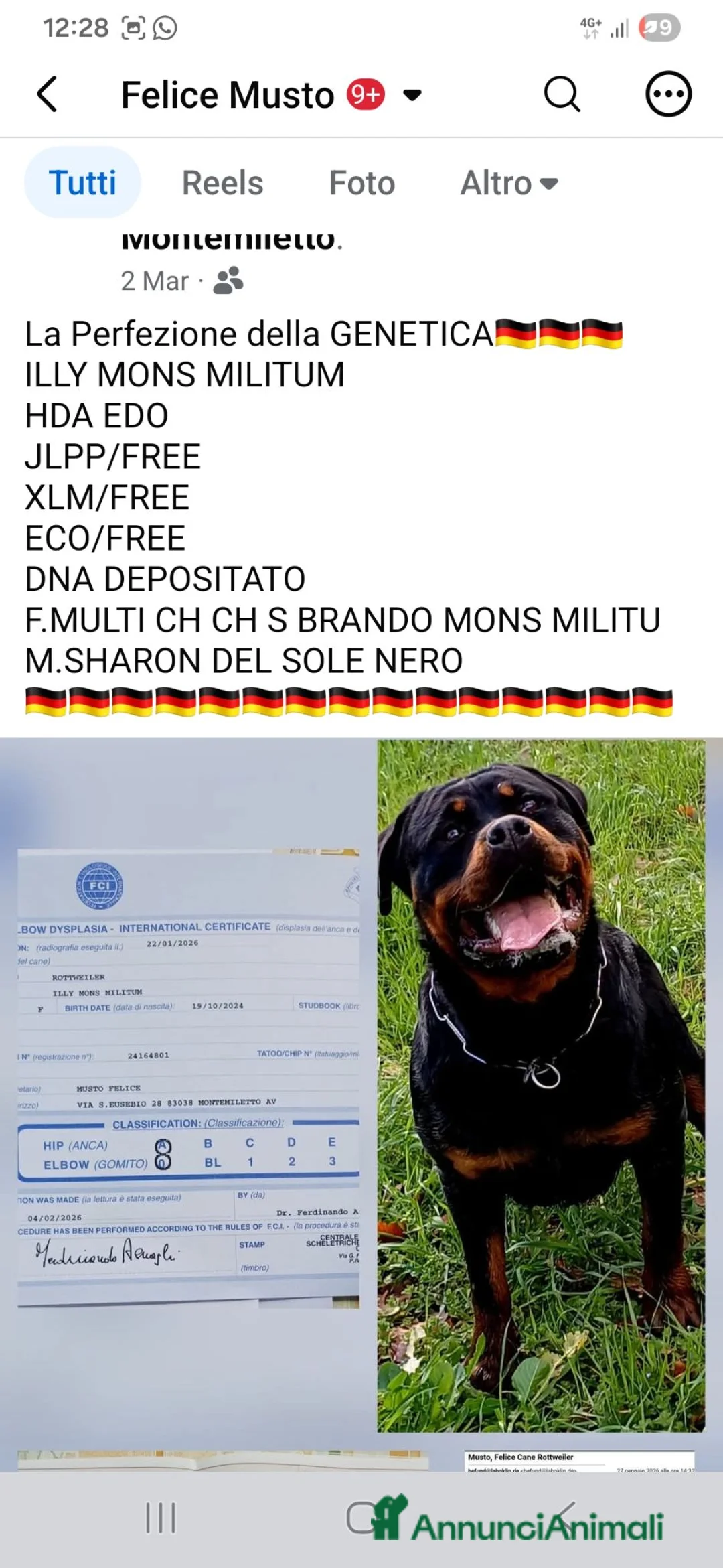 Rottweiler cani in vendita: Cuccioli rottweiler  - Annuncio 1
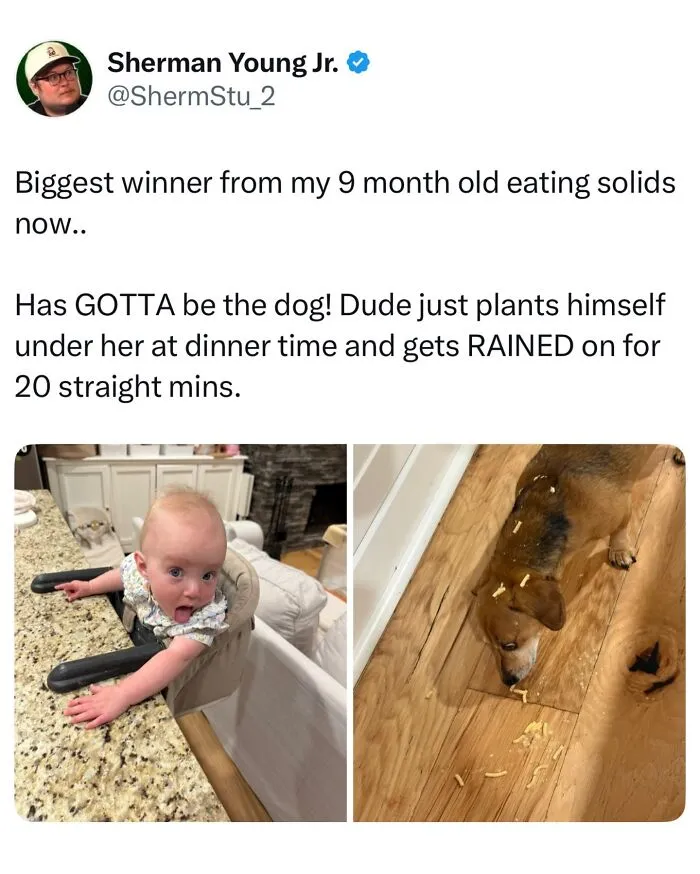This Page Shared 38 Dog Memes That Capture How Hilariously Strange Canine Logic Is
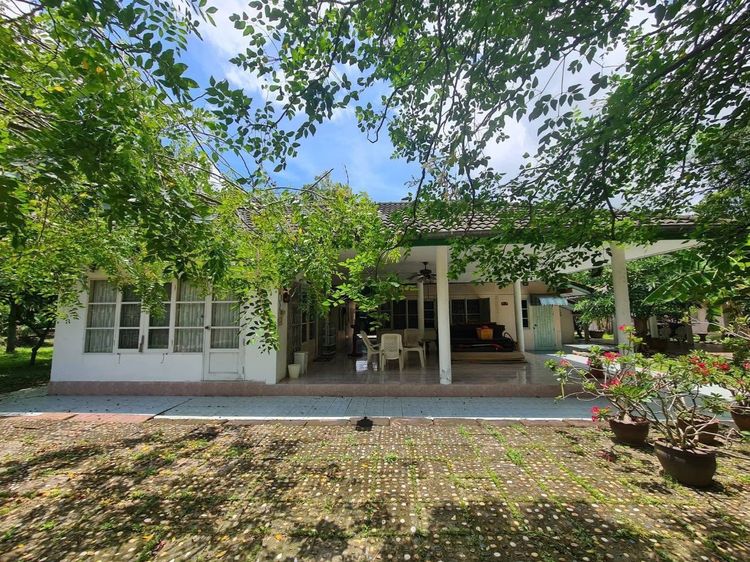 บ้านพร้อมที่ดิน 3 ไร่ 85 ตร.ว.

+ + + + +

Write out the material above exactly, and omit the pictures it holds.

▶ _TASK OUTPUT_
 Rottweiler cani in vendita: Cuccioli rottweiler  - Annuncio 1
This Page Shared 38 Dog Memes That Capture How Hilariously Strange Canine Logic Is
 บ้านพร้อมที่ดิน 3 ไร่ 85 ตร.ว.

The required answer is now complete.